A concern for the process emerged in visual art during the late sixties, when Serra was producing his first works. His fascination with the handling of materials can already be discerned in Verb List (1967-1968), a summary of elementary principles and actions: to tear, to cut, to splash and of equilibrium, to name a few. The list defines, as it were, a way of working, which Serra then went on to explore from one work to the next.

Gutter Splash Two Corner Cast, from 1992, is a good illustration of Serra’s process-oriented approach. The splashing was done with molten lead, against the area where the back wall and the floor of the space meet. For the two-corner cast, Serra placed a partition at a forty-five-degree angle in the left corner and then splashed the molten lead into the wedge thus formed. After having produced three wedge-shaped castings in this manner, he shifted the partition to the right corner, where another three castings were made and where the partition finally remained. The castings were placed on the floor in two stacks of three each.

In comparison to works such as these, in which the action is central, the steel sculptures that have been made by Serra since the seventies have a very definite and scarcely process-oriented look. Those works have occasionally given rise to fierce reactions, particularly when situated in the public spaces of cities. The work Terminal, for instance, became the subject of a political battle in Bochum, Germany at the end of the seventies, and after a lengthy debate Serra’s Tilted Arc, on Federal Plaza in New York, was destroyed by the authorities in 1989. Adversaries generally say that Serra’s work makes an environment less, rather than more attractive. Those who admire it argue that Serra has given rise to a new type of beauty with industrial means and that the sculptures, which initially appear to be unwieldy, are actually dynamic and thereby break up the rigidity of the urban environment.

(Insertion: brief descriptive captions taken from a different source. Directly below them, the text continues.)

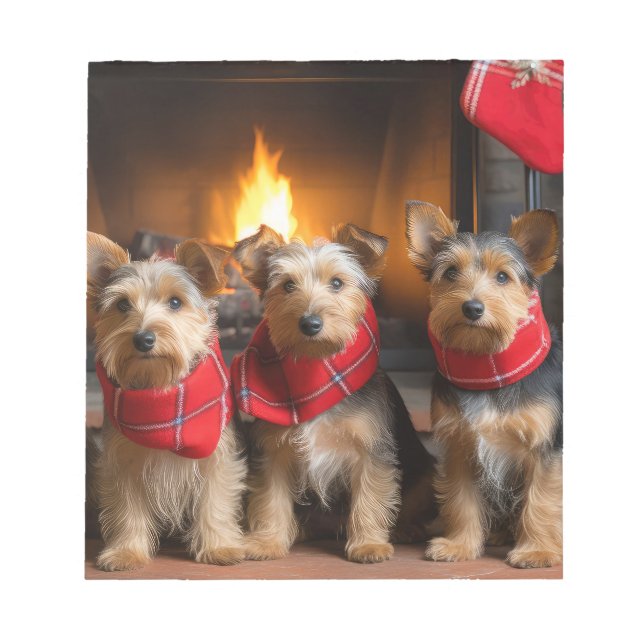 Bloco De Notas Terrier Australiano junto à Lareira Natal (Frente)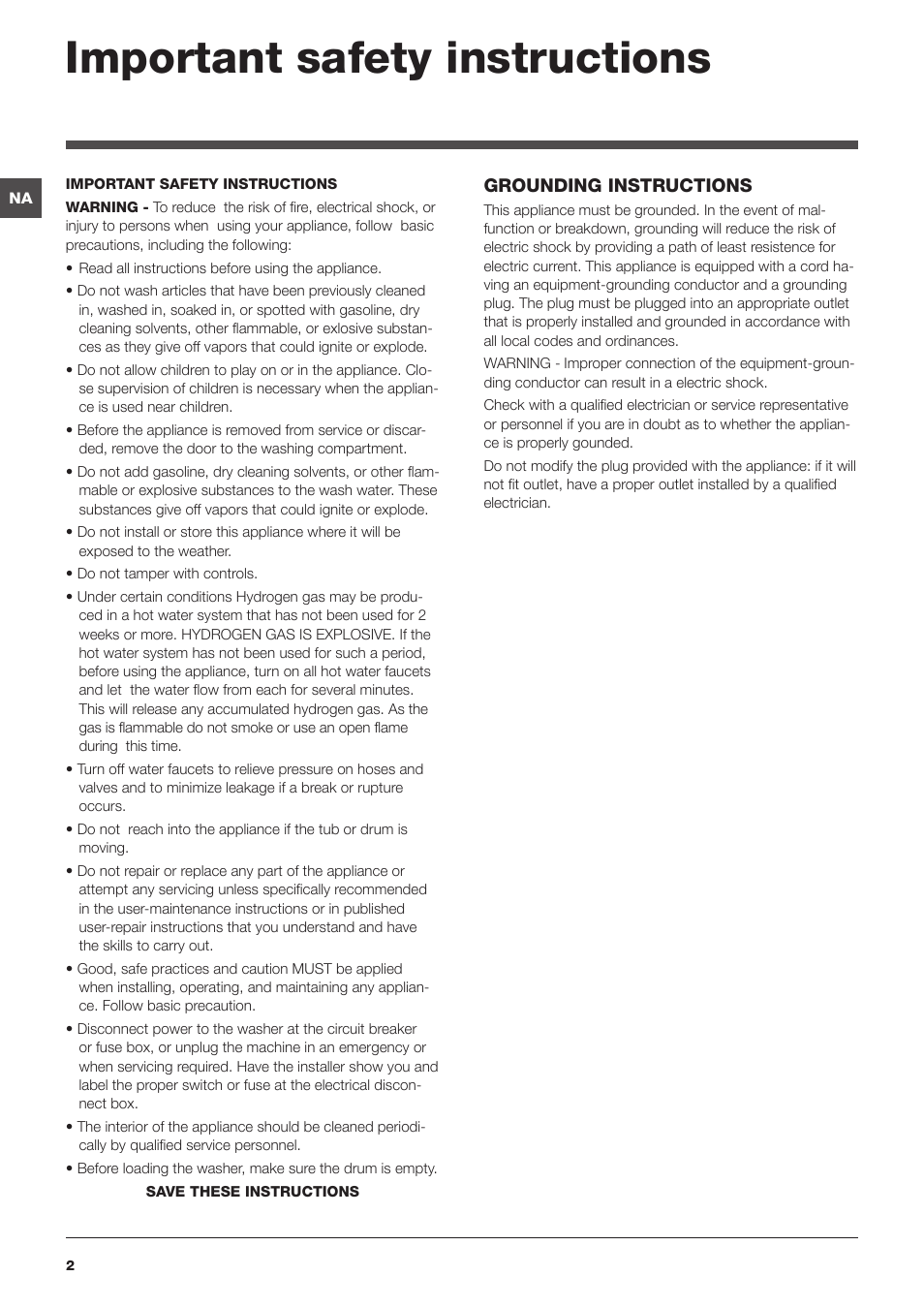 Important safety instructions | Summit ARWL129NA User Manual | Page 2 / 56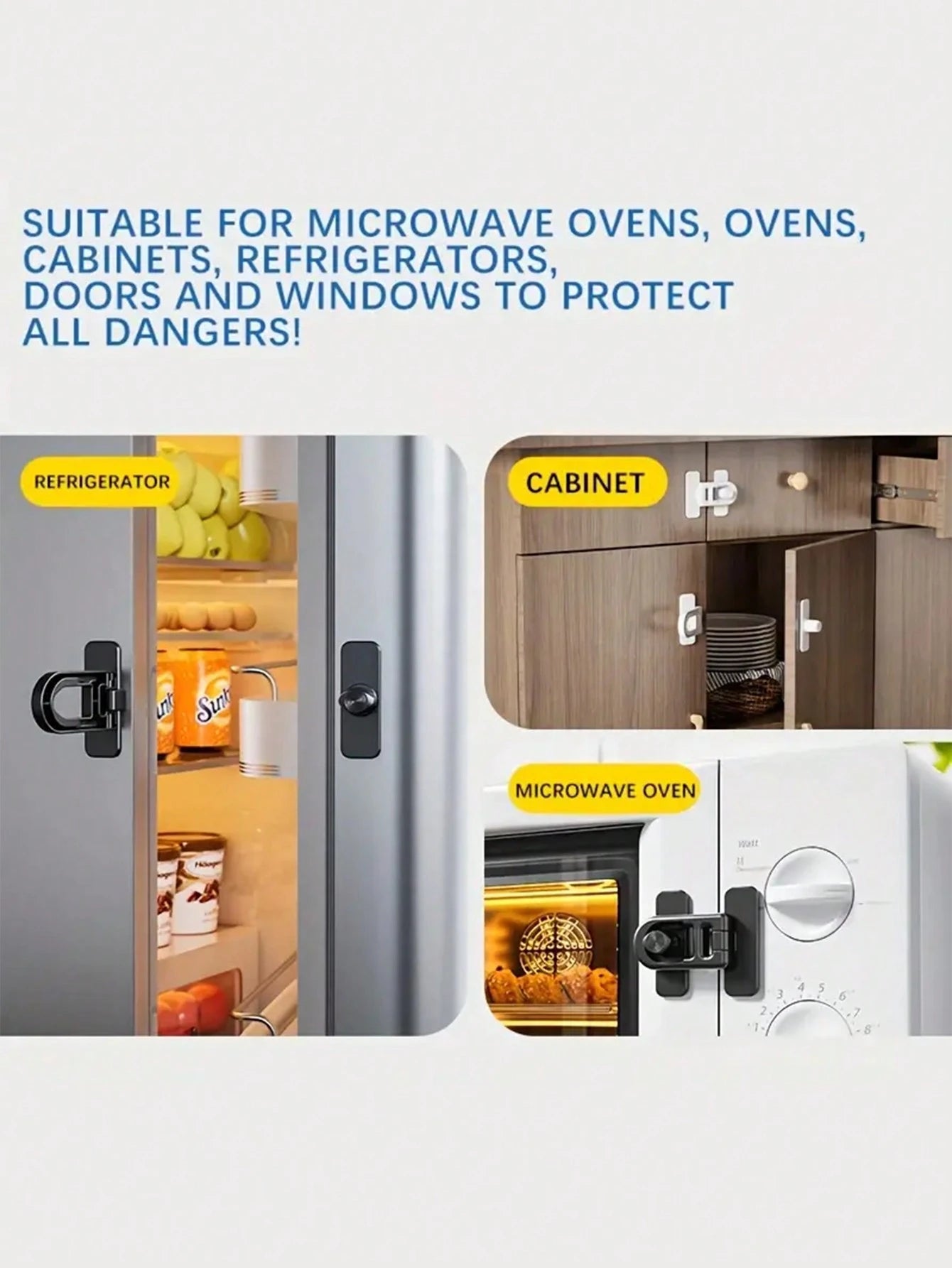 1/2pcs Easy Install Self-Adhesive Fridge/Oven Safety Lock- No Drilling Required, Child Safety Design, Comes With Strong Residue-Free Sticker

In his steel sculptures, Serra allows the industrial weight to turn into a surprising elegance; it is the very combination of actual unwieldiness and illusory lightness that makes these works successful. In the large drawing Olmec (1989), on the other hand, Serra creates the impression of enormous weight with nothing more than paper and black paintstick. Two pitch-black surfaces, not quite rectangular, seem to collide with each other. The fact that the ‘rectangle’ on the left side reclines, while the one on the right is upright, heightens the visual tension considerably: it is as though two opposing forces are engaged in an all-out struggle. The verb that one could associate with this work is to push. However, the blocks maintain a delicate balance with each other, and again the massiveness turns into Serra’s own form of elegance, which rarely loses its threatening nature altogether.